OPTICAL ELEMENT AND OPTICAL ASSEMBLY COMPRISING SAME

Abstract

An optical element (14), in particular for EUV lithography, includes a substrate (15), a reflective coating (16) arranged on the substrate (15), and an electrically conductive coating (19) extending between the substrate and the reflective coating, and having at least one first layer (22a) under tensile stress and at least one second layer (22b) under compressive stress. The electrically conductive coating has at least one section (20) that extends on the substrate laterally beyond the reflective coating. Also disclosed is an optical assembly, in particular an EUV lithography system, provided with at least one optical element of this type.

Claims

1. An optical element, comprising: a substrate, a reflective coating arranged on the substrate, and an electrically conductive coating extending between the substrate and the reflective coating, wherein the electrically conductive coating has at least one first layer under tensile stress and at least one second layer under compressive stress, and wherein the electrically conductive coating has at least one section that extends on the substrate laterally beyond the reflective coating.

2. The optical element as claimed in claim 1 and configured to reflect extreme ultraviolet (EUV) light.

3. The optical element as claimed in claim 1, wherein the first and/or the second layer are/is formed from a metallic material or a metallic alloy.

4. The optical element as claimed in claim 1, wherein a material of the first layer and/or a material of the second layer are/is selected from the group comprising: silver, copper, gold, aluminum, rhodium, iridium, tungsten, molybdenum, cobalt, nickel, ruthenium, indium, osmium, iron, platinum, palladium, chromium, tantalum, titanium, Zr, Re and alloys thereof.

5. The optical element as claimed in claim 1, wherein the electrically conductive coating comprises at least one barrier layer that is arranged between the first layer and the second layer.

6. The optical element as claimed in claim 1, further comprising at least one barrier layer arranged between the reflective coating and the electrically conductive coating.

7. The optical element as claimed in claim 5, wherein a material of the barrier layer is selected from the group comprising: W, Ta, Y, Mo, Zr, Ti, Hf, Sc, alloys and/or compounds thereof.

8. The optical element as claimed in claim 7, wherein the material of the barrier layer is selected from the group comprising: carbides, nitrides, borides, silicides, C and B.sub.4C.

9. The optical element as claimed in claim 6, wherein a material of the barrier layer is selected from the group comprising: W, Ta, Y, Mo, Zr, Ti, Hf, Sc, alloys and/or compounds thereof.

10. The optical element as claimed in claim 9, wherein the material of the barrier layer is selected from the group comprising: carbides, nitrides, borides, silicides, C and B.sub.4C.
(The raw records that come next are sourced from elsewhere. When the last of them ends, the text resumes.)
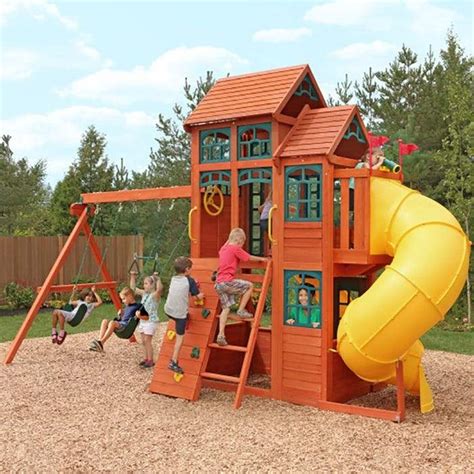 Canyon Ridge Wooden Swing Set WillyGoat …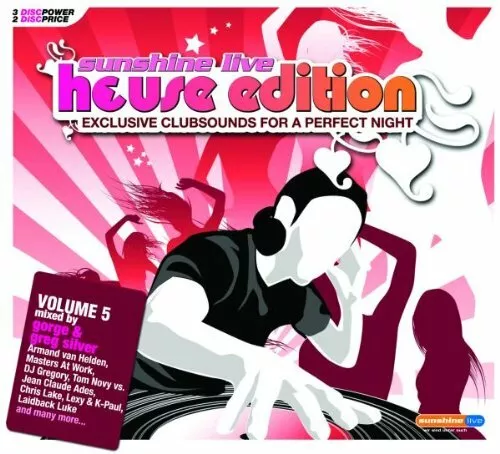 CD NEUF scellé- Sunshine Live: House Edition, Vol. 5 de DJ Greg Silver -C42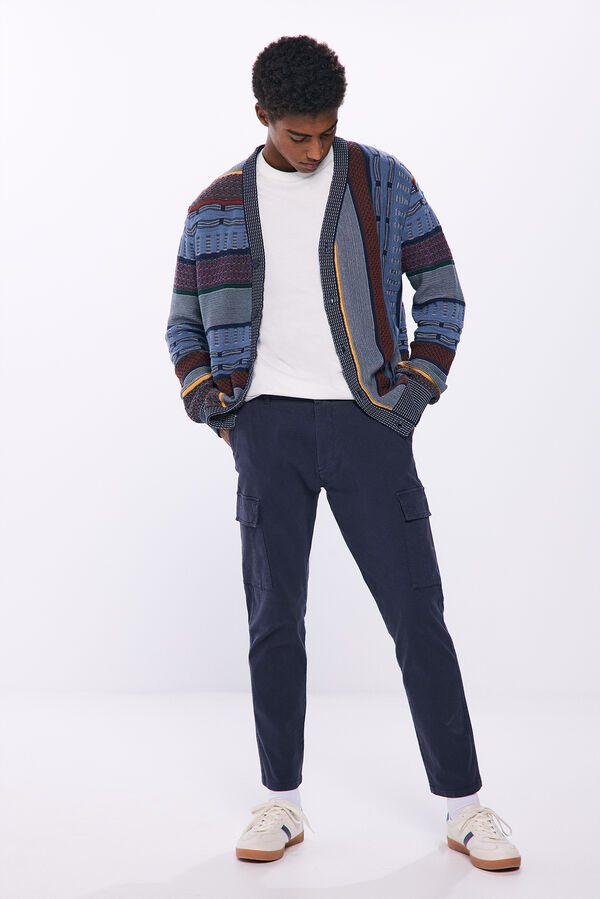 Springfield Pantal&oacute;n cargo azul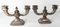 Antike deutsche .800 Silber Kerzenhalter, 2 . Set 4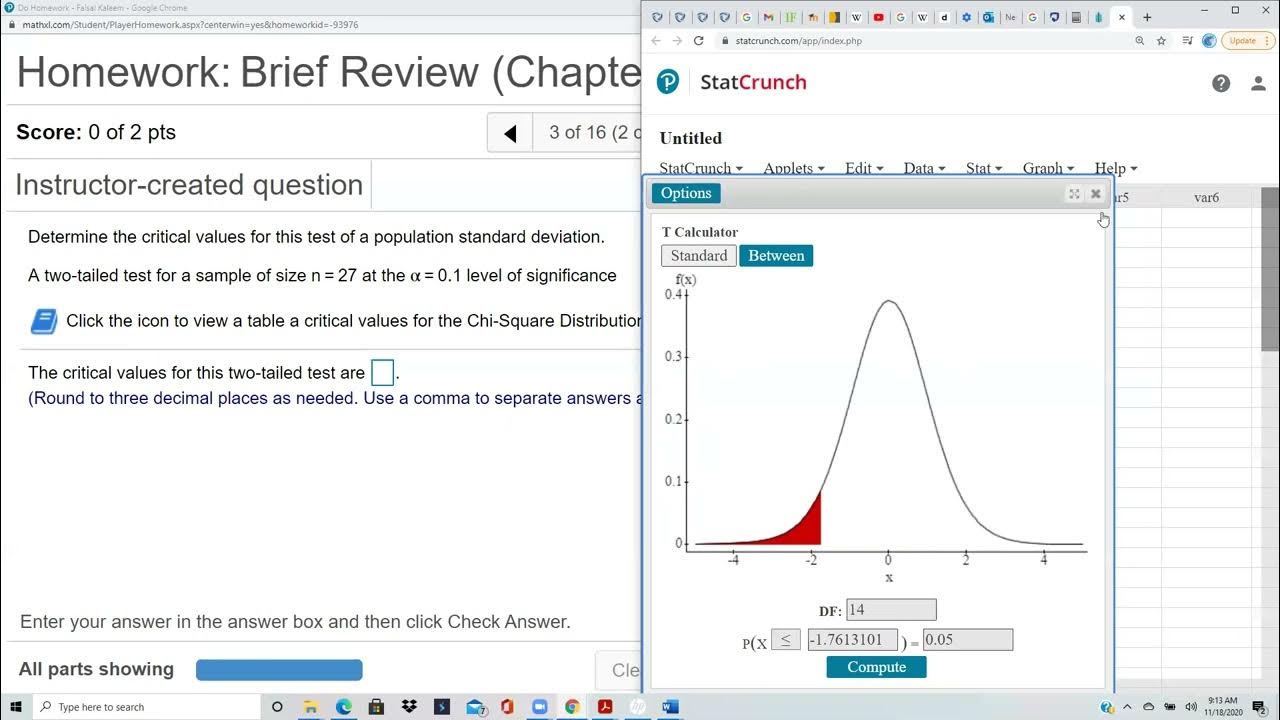 Elementary Statistics Lesson 143: Review Chapters 9 and 10, Help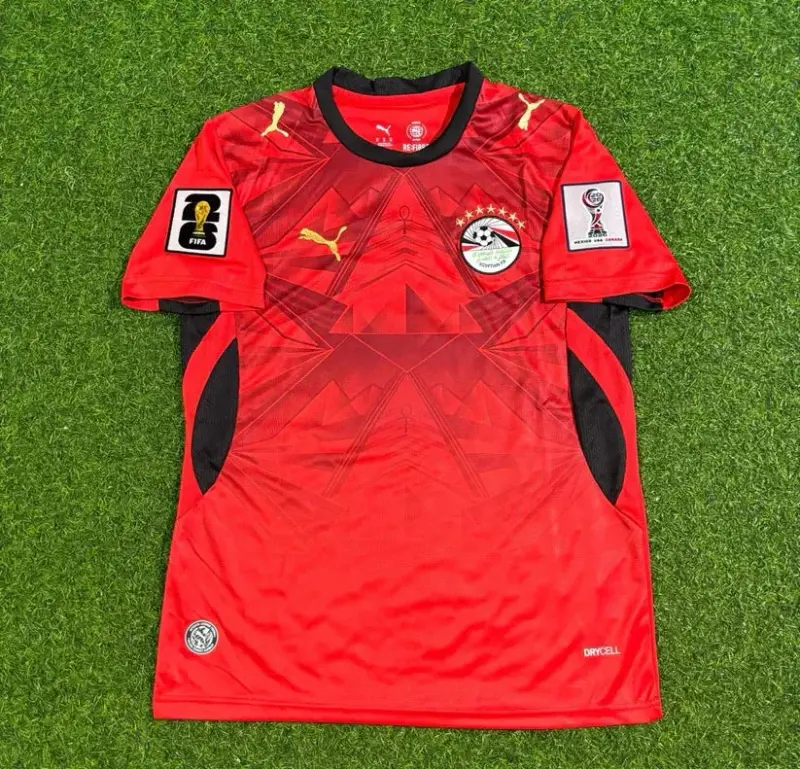 2026 WORLD CUP OMAR MARMOUSH TEAM EGYPT RED JERSEY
11. The optical element as claimed in claim 1, wherein the electrically conductive coating has a thickness of between 50 nm and 1000 nm.

12. The optical element as claimed in claim 1, wherein the first layer has a thickness that is greater than a thickness of the second layer, and wherein a material of the first layer has an absorption for EUV radiation that is greater than an absorption for the EUV radiation of a material of the second layer.

13. The optical element as claimed in claim 1, wherein the second layer has a thickness that is greater than the thickness of the first layer, and wherein a material of the second layer has an absorption for EUV radiation that is greater than an absorption for the EUV radiation of a material of the first layer.

14. The optical element as claimed in claim 1, wherein the reflective coating comprises a plurality of alternating individual layers composed of materials having mutually different refractive indices.

15. The optical element as claimed in claim 1, further comprising at least one protective layer configured to protect the substrate against EUV radiation and arranged between the electrically conductive coating and the substrate.

16. An optical assembly, comprising: at least one optical element as claimed in claim 1.

17. The optical assembly as claimed in claim 16, configured as an EUV lithography system and comprising: a beam shaping system, an illumination system, and a projection system comprising the at least one optical element.

18. The optical assembly as claimed in claim 16, further comprising: an electrical line configured to contact the at least one section of the electrically conductive coating that extends on the substrate laterally beyond the reflective coating.

Description

BRIEF DESCRIPTION OF DRAWINGS

[0032] Exemplary embodiments are illustrated in the schematic drawing and are explained in the following description. In the drawing:

[0033] FIG. 1 shows a schematic illustration of an EUV lithography apparatus,

[0034] FIG. 2 shows a schematic illustration of a reflective optical element comprising an electrically conductive coating consisting of a first layer under a tensile stress,

[0035] FIG. 3 shows a schematic illustration analogously to FIG. 2, wherein the electrically conductive coating has a second layer under a compressive stress, which compensates for the tensile stress of the first layer, and

[0036] FIG. 4 shows a schematic illustration analogously to FIG. 3, wherein the electrically conductive coating extends on the top side of the substrate laterally beyond the reflective coating.

DETAILED DESCRIPTION

[0037] In the following description of the drawings, identical reference signs are used for identical, functionally identical or equivalent components.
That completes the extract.